Late last year 26 prominent Saudi clerics signed a fatwa to confer legitimacy on the Iraqi resistance, a resistance put up by Sunnis. Many Sunni fighters have slipped into Iraq from various neighbouring Arab countries, even as far as Algeria. About 10% of the Iraqi insurgents are non-Iraqi Arabs, Sunnis of course.
The Saudi Wahhabis are particularly agitated at the very thought of their archenemy the Shiites gaining ascendancy so near their borders, within which reside another potential threat, 4.5 million Saudi Shiites.
Most prominent among the non-Iraqi insurgents are the Algerians, Yemenis and Syrians, but a growing band of Jordanians and Saudis are jumping on the Sunni Jihadi call.
They have no intentions of allowing the 20% Iraqi Sunnis, deliberately marginalised by the American overlords, to be run over by the majority Shiites or the equally hostile Kurds. The Kurds aren’t even Arabs and are known to be partial to the hated Israelis.
Some harsh words had already flown at higher levels. When the Saudi Foreign Minister, Prince Saud al-Faisal, expressed Saudi concerns to the Americans that US policies in Iraq were virtually handing over Iraq to the Iranians, the infuriated Iraqi Minister of the Interior, Bayan Jabr, called Saud a Bedouin on a camel – would that be the equivalent of the American derogatory camel jock? – stating that the Saudi had the bloody cheek to teach an ‘ancient Iraqi civilisation’ how to suck eggs.

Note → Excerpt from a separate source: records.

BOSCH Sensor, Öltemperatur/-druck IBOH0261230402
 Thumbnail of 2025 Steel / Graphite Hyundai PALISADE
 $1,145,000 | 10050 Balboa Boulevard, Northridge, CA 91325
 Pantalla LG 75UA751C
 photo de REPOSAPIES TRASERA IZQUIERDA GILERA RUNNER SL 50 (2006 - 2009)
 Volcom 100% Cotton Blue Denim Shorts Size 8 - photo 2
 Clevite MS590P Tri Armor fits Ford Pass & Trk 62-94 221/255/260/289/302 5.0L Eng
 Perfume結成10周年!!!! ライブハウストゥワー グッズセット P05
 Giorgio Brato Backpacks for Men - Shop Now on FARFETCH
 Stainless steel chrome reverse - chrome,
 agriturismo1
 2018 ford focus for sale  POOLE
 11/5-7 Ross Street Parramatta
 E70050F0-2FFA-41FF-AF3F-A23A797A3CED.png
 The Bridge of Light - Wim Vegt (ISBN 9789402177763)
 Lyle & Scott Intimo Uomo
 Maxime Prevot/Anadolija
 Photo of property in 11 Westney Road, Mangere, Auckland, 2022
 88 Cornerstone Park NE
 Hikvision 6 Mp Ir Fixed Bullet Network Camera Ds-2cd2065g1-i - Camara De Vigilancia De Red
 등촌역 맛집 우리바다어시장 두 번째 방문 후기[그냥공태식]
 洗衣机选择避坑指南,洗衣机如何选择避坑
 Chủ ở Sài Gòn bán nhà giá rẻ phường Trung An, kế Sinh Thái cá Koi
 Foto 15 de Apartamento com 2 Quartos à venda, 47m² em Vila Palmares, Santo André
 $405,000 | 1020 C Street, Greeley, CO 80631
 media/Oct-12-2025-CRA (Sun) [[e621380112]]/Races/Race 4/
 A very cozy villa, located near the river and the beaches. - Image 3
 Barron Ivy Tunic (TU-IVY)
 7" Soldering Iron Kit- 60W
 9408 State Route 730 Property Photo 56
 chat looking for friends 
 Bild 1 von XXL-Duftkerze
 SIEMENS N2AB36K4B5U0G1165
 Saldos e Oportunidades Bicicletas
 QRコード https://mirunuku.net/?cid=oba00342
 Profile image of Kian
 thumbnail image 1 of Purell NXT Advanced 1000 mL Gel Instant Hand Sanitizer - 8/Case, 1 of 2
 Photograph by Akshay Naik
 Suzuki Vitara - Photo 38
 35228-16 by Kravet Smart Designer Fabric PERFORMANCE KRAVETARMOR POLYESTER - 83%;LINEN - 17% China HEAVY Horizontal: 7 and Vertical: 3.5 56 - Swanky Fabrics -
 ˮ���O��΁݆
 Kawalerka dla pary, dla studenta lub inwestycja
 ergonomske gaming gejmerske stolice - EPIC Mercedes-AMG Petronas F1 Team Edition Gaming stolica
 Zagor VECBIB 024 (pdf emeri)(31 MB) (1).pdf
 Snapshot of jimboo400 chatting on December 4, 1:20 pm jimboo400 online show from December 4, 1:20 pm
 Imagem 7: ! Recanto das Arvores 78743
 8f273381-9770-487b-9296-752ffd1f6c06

Indeed, Jabr went ballistic and criticised the Saudis for their King, treatment of women, the whole caboodle, and stated:
"This Iraq is the cradle of civilisation that taught humanity reading and writing, and some Bedouin riding a camel wants to teach us."
Oh la la.
But on to more serious issues, I reckon there would have to be covert backing from regional Sunni governments’ for those Sunni insurgents slipping into Iraq for the anticipated civil war, a war that will see Sunnis pitted against Shiites and Kurds, with the entire region, including Saudi Arabia, Syria, Jordan, Yemen and perhaps even Egypt on one side and Iran on the other, all drawn in.
With the American record of treachery – as witnessed during the Iran-Iraq war when they backed both sides with arms and intelligence – I wouldn’t be surprised if the US has silently backed the Sunni horse … eh I mean … camel, just in case its man in southern Shiite Iraq, Ahmad Chalabi, and the Kurds don’t deliver.